PDF RAG AI enables users to upload PDF documents and interact with an AI assistant to extract, search, and answer questions about the content. Below are 6 rag, search & retrieval apps with similar functionality to PDF RAG AI, matched by what each product actually does — not ranked or scored. Explore each to find the closest fit for your use case.
AI PDF Reader is a Windows desktop application that uses local AI models to analyze PDF documents, answer natural language questions, and reference specific pages. It ensures privacy by running entirely on the user's device and is ideal for users who need secure, AI-powered document analysis.
FastRAG is an open-source RAG (Retrieval-Augmented Generation) starter kit for Next.js developers. It enables rapid ingestion of PDFs and URLs, chat with documents using GPT-4o, and easy deployment to Vercel. Designed for developers building AI SaaS products, it includes production-ready infrastructure and lifetime updates.
AgenticRAG is a web-based assistant that retrieves and synthesizes information from online sources, weather data, and databases to answer user questions. It is designed for users who need quick, accurate answers from multiple sources in a single interface.
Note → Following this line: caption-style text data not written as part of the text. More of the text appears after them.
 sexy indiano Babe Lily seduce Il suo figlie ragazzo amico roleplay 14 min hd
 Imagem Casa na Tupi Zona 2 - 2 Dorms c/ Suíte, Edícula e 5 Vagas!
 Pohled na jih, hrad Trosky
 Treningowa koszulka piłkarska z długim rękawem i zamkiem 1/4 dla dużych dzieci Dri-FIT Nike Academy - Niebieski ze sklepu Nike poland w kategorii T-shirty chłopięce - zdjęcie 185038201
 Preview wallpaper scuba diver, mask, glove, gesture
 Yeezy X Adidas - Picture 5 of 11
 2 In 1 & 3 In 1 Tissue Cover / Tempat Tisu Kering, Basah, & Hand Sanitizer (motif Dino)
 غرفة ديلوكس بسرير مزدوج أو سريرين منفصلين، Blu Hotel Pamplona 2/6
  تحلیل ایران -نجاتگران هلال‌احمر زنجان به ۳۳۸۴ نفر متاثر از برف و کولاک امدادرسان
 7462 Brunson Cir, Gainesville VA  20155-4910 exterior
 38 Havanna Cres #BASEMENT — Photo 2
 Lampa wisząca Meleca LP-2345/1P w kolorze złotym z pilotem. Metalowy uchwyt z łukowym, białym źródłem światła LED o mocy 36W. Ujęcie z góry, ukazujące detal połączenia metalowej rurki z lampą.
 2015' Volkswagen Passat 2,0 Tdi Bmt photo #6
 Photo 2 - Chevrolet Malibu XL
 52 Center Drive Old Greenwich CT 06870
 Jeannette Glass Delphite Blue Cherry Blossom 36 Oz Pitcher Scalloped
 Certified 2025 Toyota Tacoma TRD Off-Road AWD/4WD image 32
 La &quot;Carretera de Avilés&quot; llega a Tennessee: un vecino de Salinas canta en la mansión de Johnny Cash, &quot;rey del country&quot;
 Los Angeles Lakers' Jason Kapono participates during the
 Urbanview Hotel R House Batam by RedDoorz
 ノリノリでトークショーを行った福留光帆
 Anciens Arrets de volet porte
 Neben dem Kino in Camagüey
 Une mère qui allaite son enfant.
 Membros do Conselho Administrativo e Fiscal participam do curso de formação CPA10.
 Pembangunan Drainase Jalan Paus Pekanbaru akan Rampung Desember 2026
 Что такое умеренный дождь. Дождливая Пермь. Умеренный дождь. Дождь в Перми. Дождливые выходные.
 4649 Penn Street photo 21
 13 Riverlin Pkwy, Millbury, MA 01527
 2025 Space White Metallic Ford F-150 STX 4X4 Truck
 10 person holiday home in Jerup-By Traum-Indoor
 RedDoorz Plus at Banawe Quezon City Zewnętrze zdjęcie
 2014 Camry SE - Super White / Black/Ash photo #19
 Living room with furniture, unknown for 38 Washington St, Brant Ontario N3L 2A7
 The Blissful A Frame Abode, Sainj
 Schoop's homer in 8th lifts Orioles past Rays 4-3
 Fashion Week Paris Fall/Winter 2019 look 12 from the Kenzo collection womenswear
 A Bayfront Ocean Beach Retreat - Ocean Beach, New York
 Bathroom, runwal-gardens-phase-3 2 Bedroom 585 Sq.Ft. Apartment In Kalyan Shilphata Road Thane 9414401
LocalRAG! is a mobile application designed to enable AI-powered interaction with a wide range of document types, including PDFs, Office documents, EPUBs, images, audio recordings, and videos. It allows users to ask questions in plain language and receive answers sourced from across all imported documents, with each response linked to specific page-level citations for verification. The tool is available on iPhone, iPad, and Android devices and supports multiple languages, including English, Japanese, Chinese, Korean, German, French, Spanish, and Portuguese. Key features include summarization of long PDFs and research papers, contract review to identify key clauses and risks, and the ability to chat with academic papers and ebooks. LocalRAG! provides on-device OCR for images and scanned documents, transforming them into searchable, AI-ready files. Users can also transcribe and interact with audio and video recordings, such as meeting notes and lecture content, entirely on their device. The app supports 23 file formats, such as PDF, EPUB, Word, Excel, PowerPoint, and various audio and video types, allowing users to create collections of documents for comprehensive search and analysis. A distinguishing aspect of LocalRAG! is its focus on privacy and offline functionality. All processing, including transcription and AI analysis, can be performed locally on the device using a built-in large language model (Qwen3 4B), ensuring that no data is sent to external servers. For users seeking higher accuracy, the app offers the option to use the Claude API, which requires an internet connection and sends questions and relevant excerpts to the cloud. The app emphasizes confidentiality for sensitive use cases, such as legal, journalistic, or research-related document analysis. LocalRAG! is distributed via the App Store and Google Play, with a one-week free trial included. It is positioned as a private, offline AI document assistant for professionals, students, and anyone needing to analyze, summarize, or search across diverse document formats on mobile devices.
Ragent AI is an open-source, enterprise-grade agentic RAG system built with Spring Boot. It integrates vector databases, intelligent Q&A, knowledge base management, and session memory, providing a robust platform for document processing and retrieval in enterprise environments.
RAGFlow is an open-source platform for building and orchestrating AI agents with advanced retrieval-augmented generation (RAG) capabilities. It offers hybrid search, visual workflow design, and Model Context Protocol (MCP) integration, making it suitable for enterprise-scale AI solutions and agent development.